[PROBLEM DETAILS]: Go through the listing below and retype exactly the lines starting at the one with "Nothing irritated me" and ending at the one with "There are also", skipping pictures.

[RECORD EXTRACTS]:
• • •

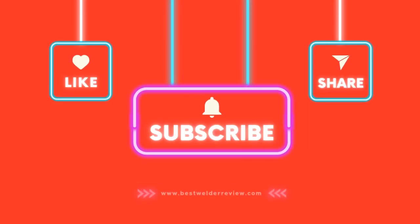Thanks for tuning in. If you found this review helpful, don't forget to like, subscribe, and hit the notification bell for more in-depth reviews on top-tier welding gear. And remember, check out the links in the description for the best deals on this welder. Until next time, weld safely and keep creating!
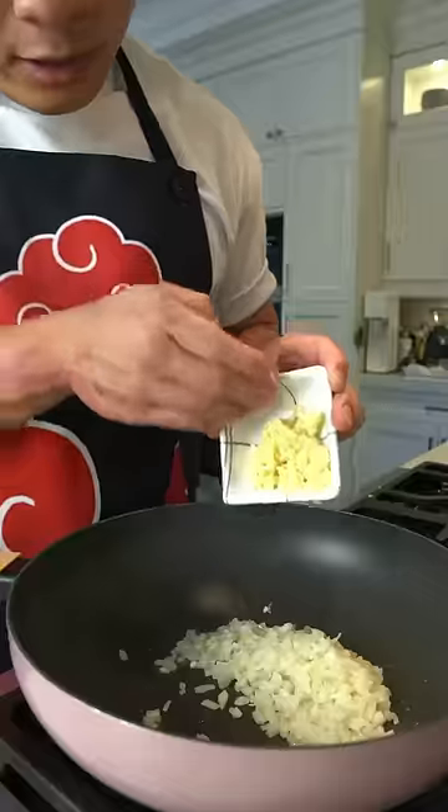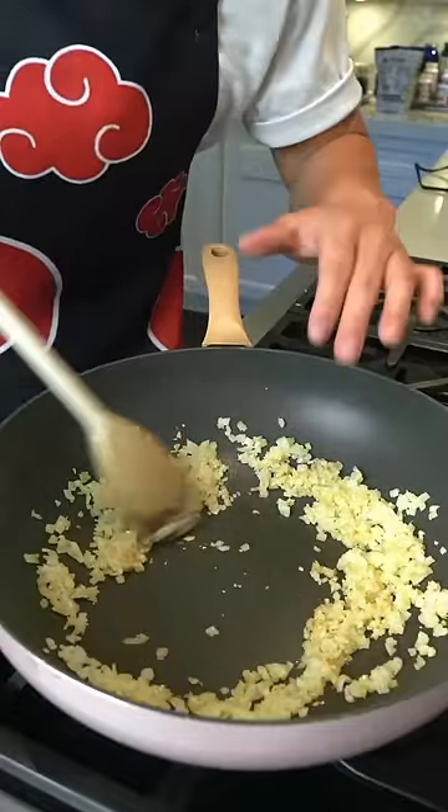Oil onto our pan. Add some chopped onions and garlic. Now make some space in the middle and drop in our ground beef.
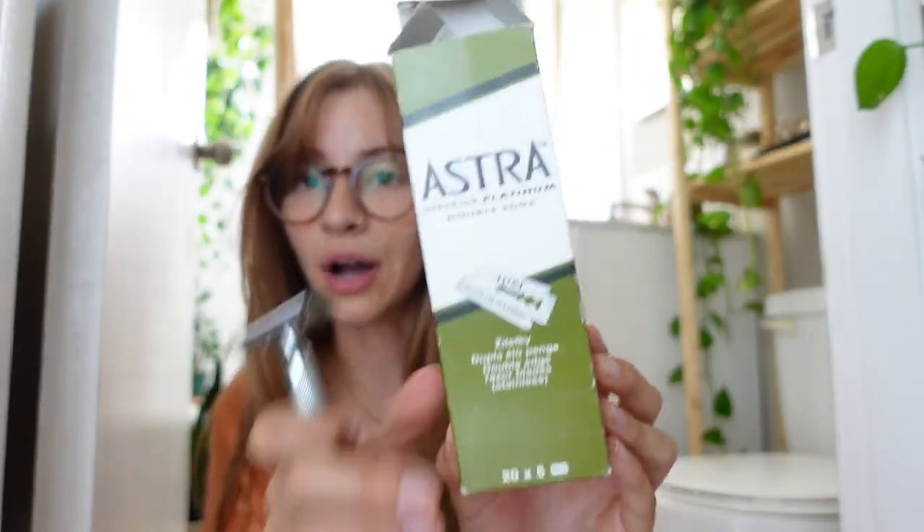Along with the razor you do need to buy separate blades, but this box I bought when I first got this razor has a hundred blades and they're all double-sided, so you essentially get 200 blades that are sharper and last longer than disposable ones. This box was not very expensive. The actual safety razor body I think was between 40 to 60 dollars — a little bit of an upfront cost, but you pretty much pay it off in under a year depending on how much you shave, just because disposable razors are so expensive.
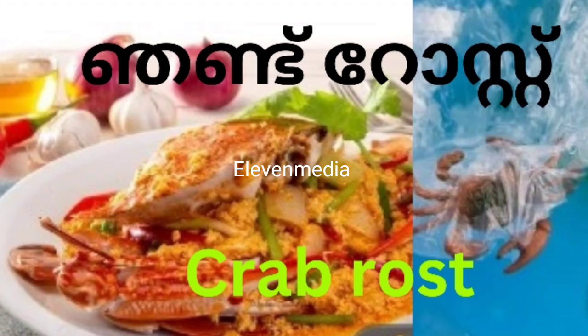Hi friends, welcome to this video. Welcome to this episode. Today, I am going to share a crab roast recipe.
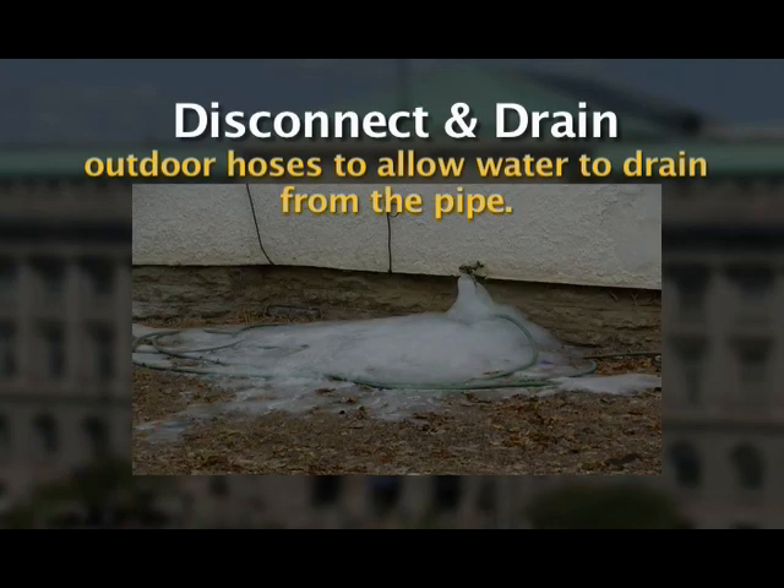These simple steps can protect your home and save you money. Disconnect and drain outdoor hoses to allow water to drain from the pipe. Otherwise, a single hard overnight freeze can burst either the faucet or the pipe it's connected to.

• • •

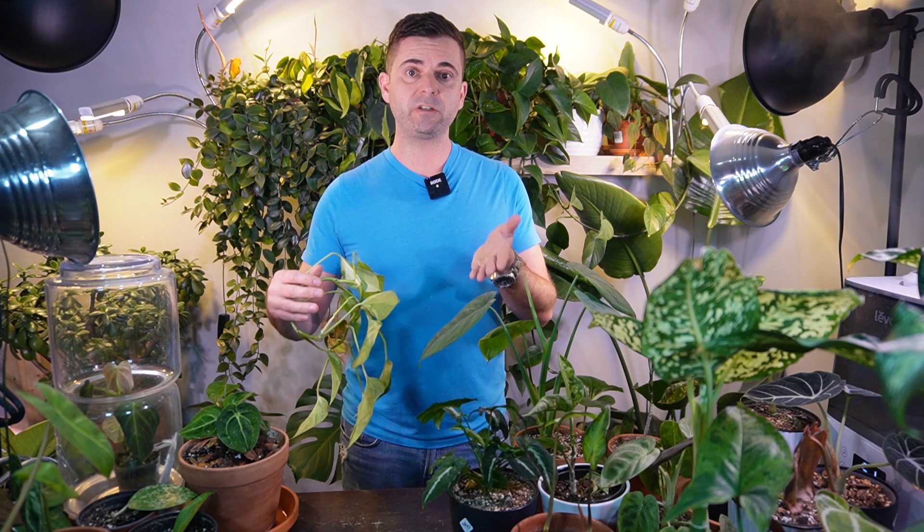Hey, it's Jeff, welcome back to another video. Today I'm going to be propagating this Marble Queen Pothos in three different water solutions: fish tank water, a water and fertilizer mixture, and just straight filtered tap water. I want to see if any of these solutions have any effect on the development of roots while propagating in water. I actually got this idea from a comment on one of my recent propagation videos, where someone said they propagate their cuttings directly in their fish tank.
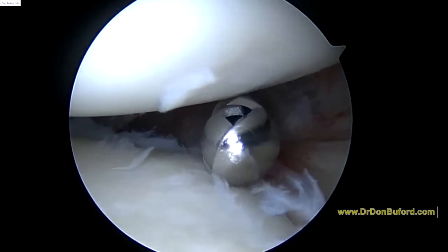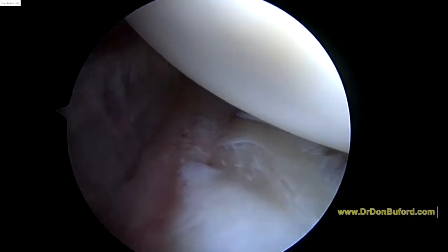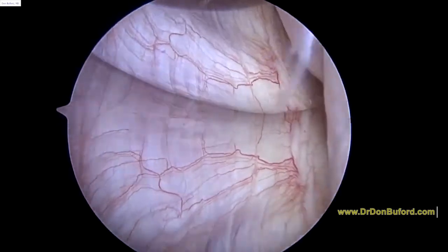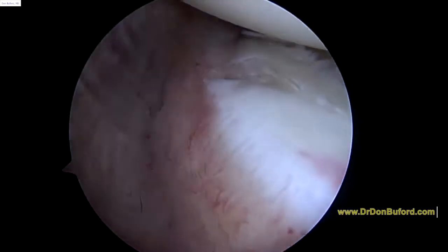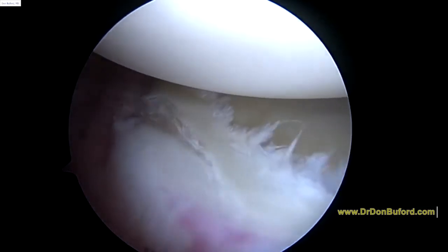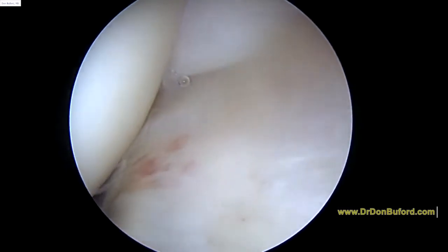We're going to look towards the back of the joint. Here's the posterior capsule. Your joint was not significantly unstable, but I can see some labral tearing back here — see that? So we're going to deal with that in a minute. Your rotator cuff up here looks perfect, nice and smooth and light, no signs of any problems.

• • •

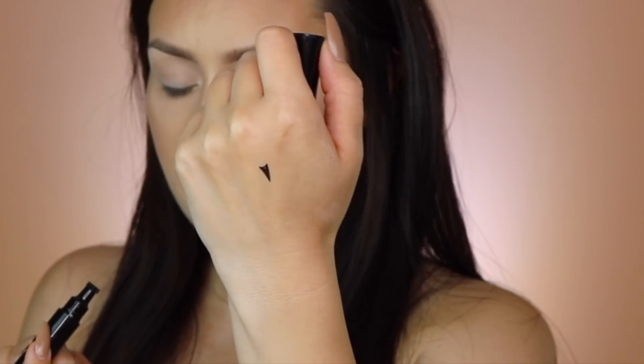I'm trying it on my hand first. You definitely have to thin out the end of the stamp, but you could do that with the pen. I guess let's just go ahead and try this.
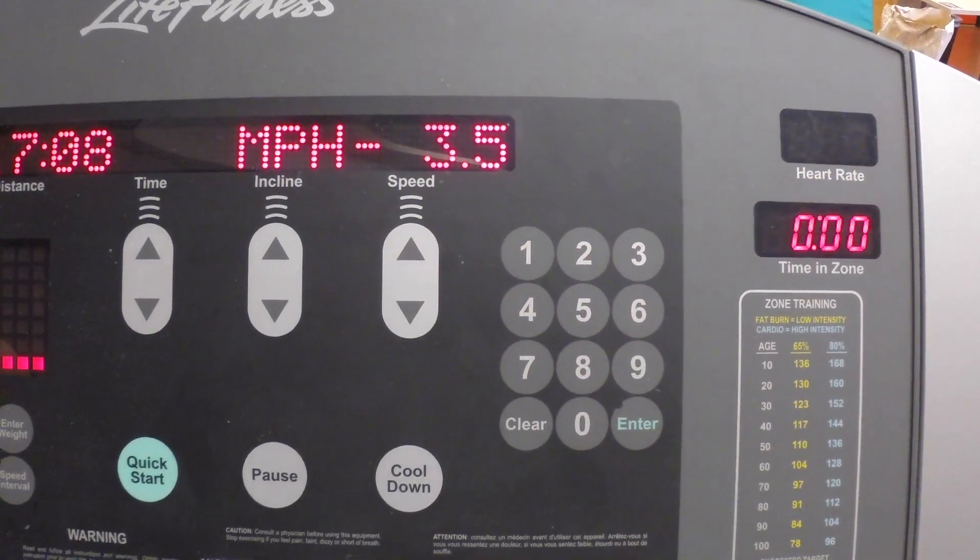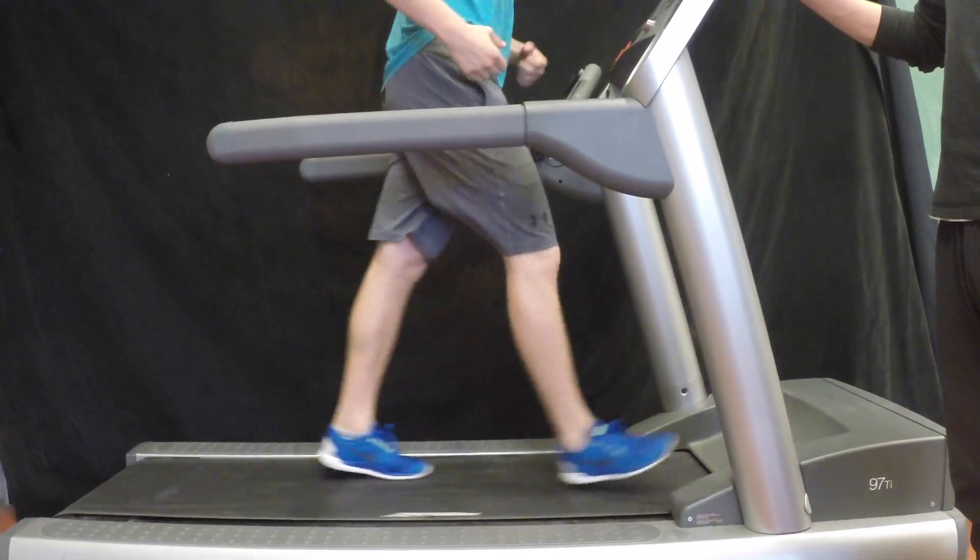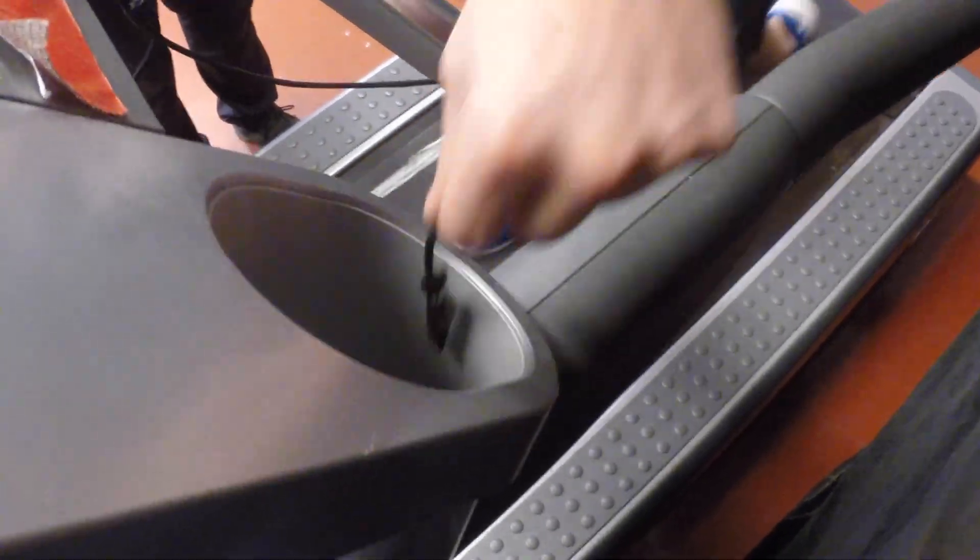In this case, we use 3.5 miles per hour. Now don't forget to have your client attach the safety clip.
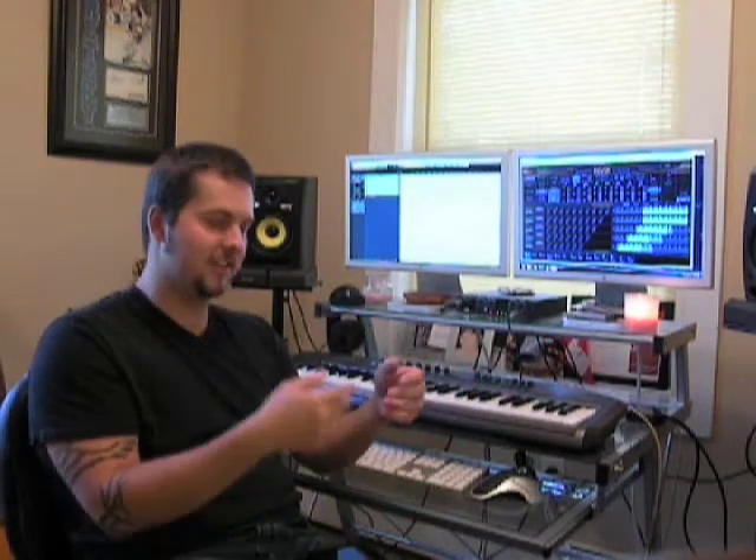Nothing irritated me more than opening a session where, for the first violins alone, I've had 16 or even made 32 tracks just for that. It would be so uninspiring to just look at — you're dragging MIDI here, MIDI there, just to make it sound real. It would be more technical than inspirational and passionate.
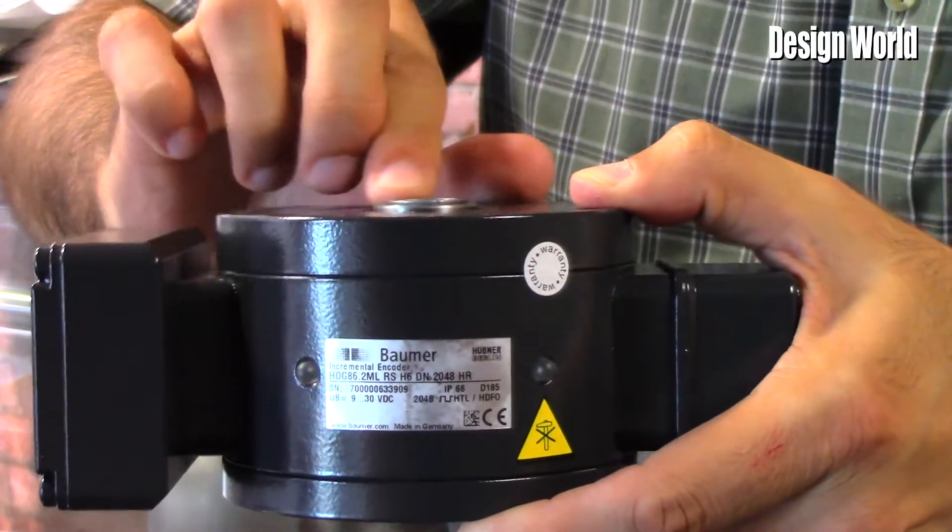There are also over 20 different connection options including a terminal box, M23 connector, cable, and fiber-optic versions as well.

• • •

[PROBLEM SOLUTION]:
Nothing irritated me more than opening a session where, for the first violins alone, I've had 16 or even made 32 tracks just for that. It would be so uninspiring to just look at — you're dragging MIDI here, MIDI there, just to make it sound real. It would be more technical than inspirational and passionate.
There are also over 20 different connection options including a terminal box, M23 connector, cable, and fiber-optic versions as well.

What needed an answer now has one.